Brockhaus der Woche (52/2018)

In 52 Wochen sind wir zweimal durchs Alphabet gereist mit Begriffen aus meinem Brockhaus. Mit dem zweiten „Z“ schließt sich der Kreis, das Jahr geht zu Ende. Die Zwölf Nächte bringen uns ins nächste.

Zwölf Nächte (Zwölften), im Volksglauben und Brauchtum bes. hervorgehobene Tage, i.d.R. (mit landschaftl. Abweichungen) zw. Weihnachten und Dreikönigstag; galten als die Zeit von Spukgeistern (Wilde Jagd, Frau Holle, Bercht), die mit mancherlei Arbeitsverbot belegt war, sowie als Lostage; zum Schutz vor den Geistern besprengte man in kath. Gegenden Zimmer und Ställe mit Weihwasser (Raunächte). Aus dem Wetter der Z.N. leitete man Voraussagen für das Wetter der 12 Monate des kommenden Jahres ab, auch Träume galten als vorbedeutend.
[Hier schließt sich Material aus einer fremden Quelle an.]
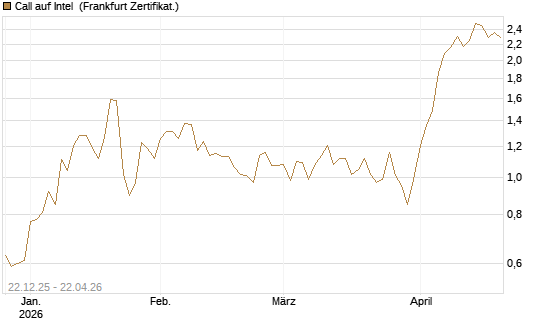 Call auf Intel [HSBC Trinkaus & Burkhardt GmbH] Chart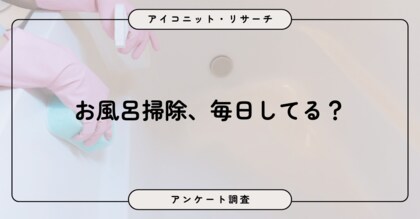 【毎月26日は風呂の日】お風呂は「毎日掃除する」が最多となるも「面倒だ」は約8割に！8,775人調査で見えた実態【SEO・AIO時代に効く一次データ・アンケート調査受託】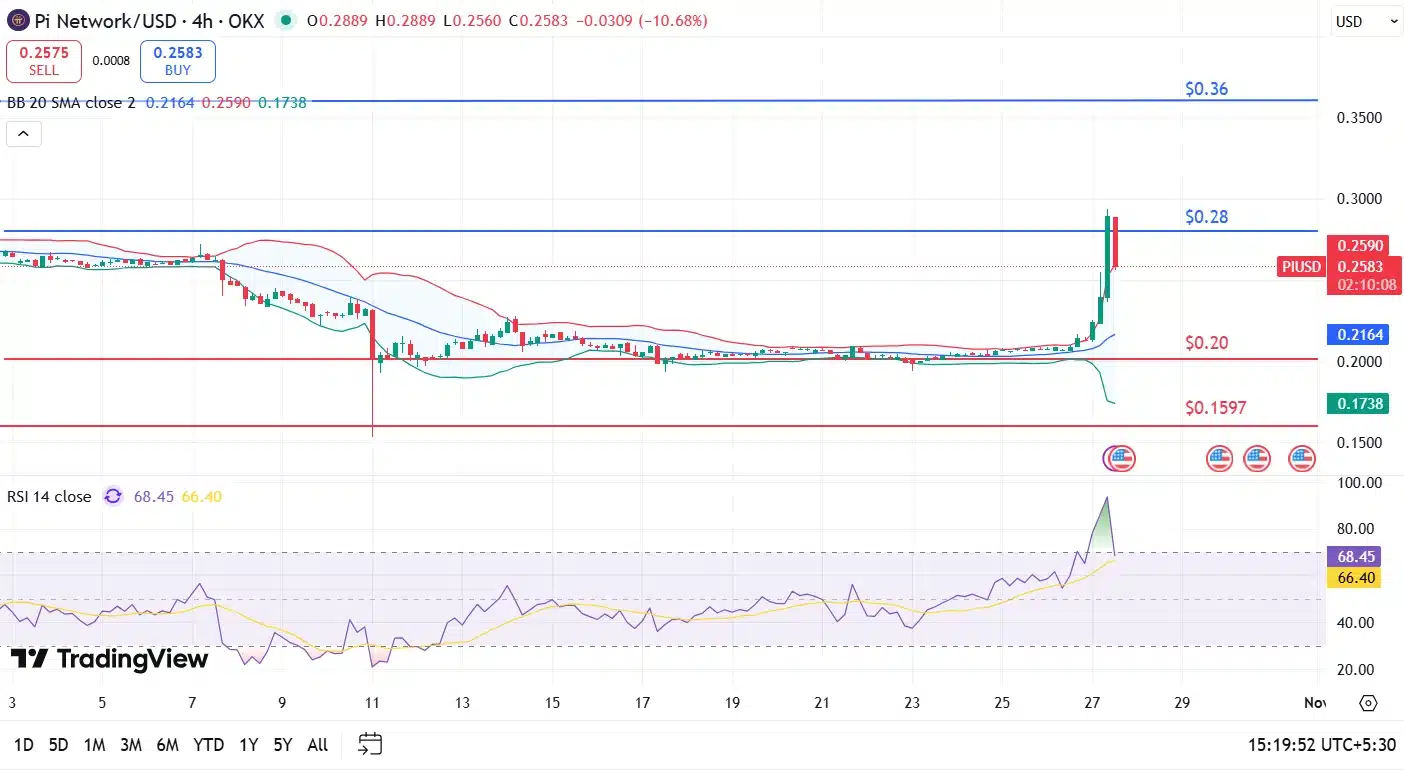 Pi Coin Fiyatı Yüzde 26 Yükseldi, Ancak 0.28 Dolar Seviyesinin Üzerinde Tutunabilir mi?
Brockhaus der Woche (51/2018)

Der vorletzte Brockhaus der Woche! Mit dem Y geht es in die nordische Mythenwelt.

Ymir, german. Mythos: ein aus dem Eis entstandener Urzeitriese; aus ihm entsprangen die Frost- und Reifriesen; von Odin und seinen Brüdern getötet; aus seinem Fleisch wurde die Erde, aus dem Blut das Meer, aus den Knochen die Berge, aus dem Haar der Weltbaum, aus dem Schädel der Himmel.

Brockhaus der Woche (50/2018)

Was haben gelb, fremd, trocken und Holz gemeinsam? Der Brockhaus verrät es!

xantho… [grch.], gelb…, hellfarbig.
xeno… [grch.], fremd…
xero… [grch.], trocken…
xylo… [grch.], holz…

Brockhaus der Woche (49/2018)

Man kann es mögen oder nicht; es kehrt wieder, zuverlässig jedes Jahr.

Weihnachten [mhd. ze wihen nahten „in den heiligen Nächten“] (Weihnacht, Christfest, Heiliger Christ), gesamtchristl. Fest der Geburt Jesu; neben Ostern und Pfingsten eines der Hauptfeste der christl. Kirchen; seit 336 (erstmals in Rom) am 25.12. gefeiert, anknüpfend an das an diesem Tag begangene röm. Staatsfest der Geburt des unbesiegbaren Sonnengottes (Sol invictus) und dieses im christl. Sinne umdeutend. Es verschmolz später im german. Bereich mit dem Julfest (Wintersonnenwende) und verdrängte, trotz zunächst heftiger Widerstände wegen seiner „heidn.“ Parallelen, außer in der armen. Kirche das ursprüngl. Geburtsfest Jesu am 6.1. (Epiphanias). – Der Volksbrauch (Weihnachtsbrauch) prägte mit seiner Vielfalt von liturg. und außerliturg. Brauchtum (z.B. Krippen, Sternsingen, Weihnachtsspiele) den heutigen überregionalen Charakter von W. aus. Zentrales Sinnbild wurde der lichtergeschmückte Weihnachtsbaum (Christbaum; vereinzelt ohne Licht schon im beginnenden 16. Jh., seit dem letzten Drittel des 19. Jh. allg. üblich), im 20. Jh. kam der Adventskranz hinzu. Aus den Gabenbringern der Adventszeit (hl. Nikolaus, Knecht Ruprecht) wurde der Weihnachtsmann (erstmals belegt auf Bildern des 19. Jh.). Ende des 18. Jh., deutlich dann im 19. Jh., erhielt W. das familiäre Gepräge mit der Bescherung (Kinderbescherung seit dem 16. Jh. in der evang. Oberschicht üblich) am Hl. Abend (Hl. Nacht, Christnacht: 24.12.), auf den sich heute auch die christl. Weihnachtsfeier (Weihnachtsvigil, Christmette) konzentriert.